Is The Steel Sector A Steal: Industry Analysis (NUE, AKS, X) 11.30.2012

The steel sector is a function of economic activity and tall operating leverage. Traditional steel is also a capital-intensive sector, given the former one can expect to not pay up for EBITDA. Furthermore, United States steel mills usually have lower cost curves. This is indicative of NUE. Nucor has historically been the producer of low cost with their mini mills and prime acquisition of scrap; this has set them apart from the competition for many years. To that point, NUE has as paid out lots of cash to shareholders via, dividends, special dividends, and buy-backs. Other capital allocation has gone into many acquisitions of smaller firms, or to vertically integrate NUE, so it is run well, no matter the environment.

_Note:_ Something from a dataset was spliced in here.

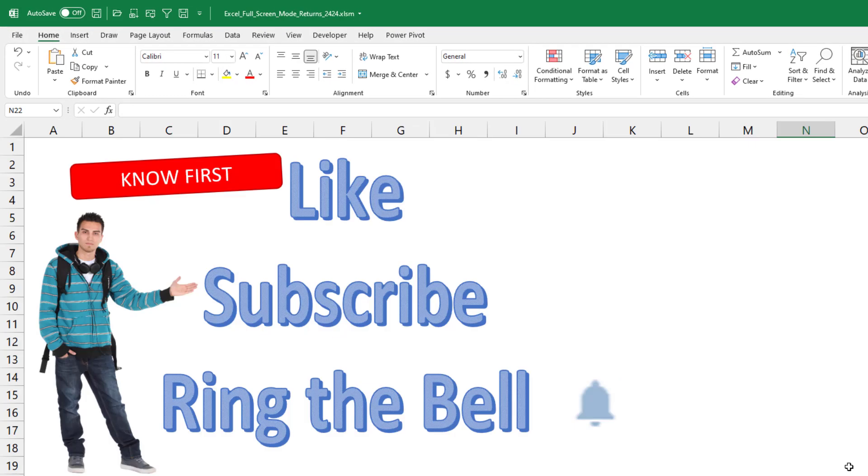With our low production values, we can get these videos out quickly. If you want to know first, please down below, like, subscribe and ring the bell.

NUE has been doing the best out of its peers, in terms of price performance, which can be attributed to the above. The environment is not easy however, Chinese froth is difficult to cut through, the economy is stagnant regardless of the zero interest rate policy, and the whole market seems to be gunning for NUE’s margins. NUE is arguably the best-run steel stock.

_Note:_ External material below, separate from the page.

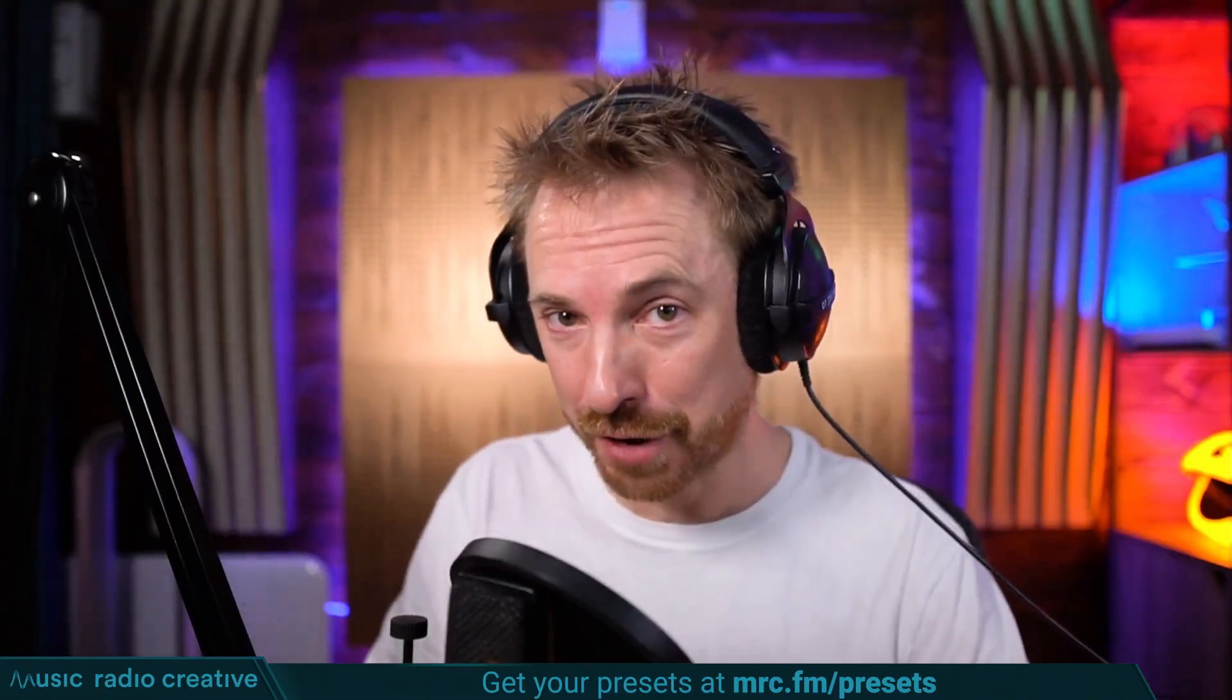Check out my Premiere Pro audio presets. If you're working with dialogue, different microphones, or you need to do some noise reduction in your videos, you need these audio presets. Head over to mrc.fm/presets to download them now. That's mrc.fm/presets.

Jefferies and Bank of America both point out that NUE is the target of short-term traders as a hedge against more aggressive longs. This confirms the quality investment thesis, because NUE has conservative balance sheet, high credit rating, product diversification, and lower implied volatility.

While still on the topic of quality fundamentals leading to outperformance, under the leadership of CEO Dan DiMicco, NUE is up a cool 370% since he took over in September of 2000, while the SPX is unchanged to lower. Dan DiMicco plans to leave NUE at the end of 2012.

Contrary to all of the positives…management and overall executives, own less than 1% of the shares, which is disappointing and not a good indicator. Furthermore NUE has not paid a major special dividend since 2008, the risk is that they continue not generate enough cash in order to be comfortable to do said programs again. A risk to being conservative is being left behind, or the opportunity cost to being more leveraged, however their current position seems to be better than everyone else as of now.

As indicated in the below graph when NUE is compared to the SPX(grey) AKS(blue), X(pink), SLX steel ETF(purple). The chart indicated that NUE(green and red) outperforms their peers, market, and sector ETF. NUE would be up more but dividend returns are not included.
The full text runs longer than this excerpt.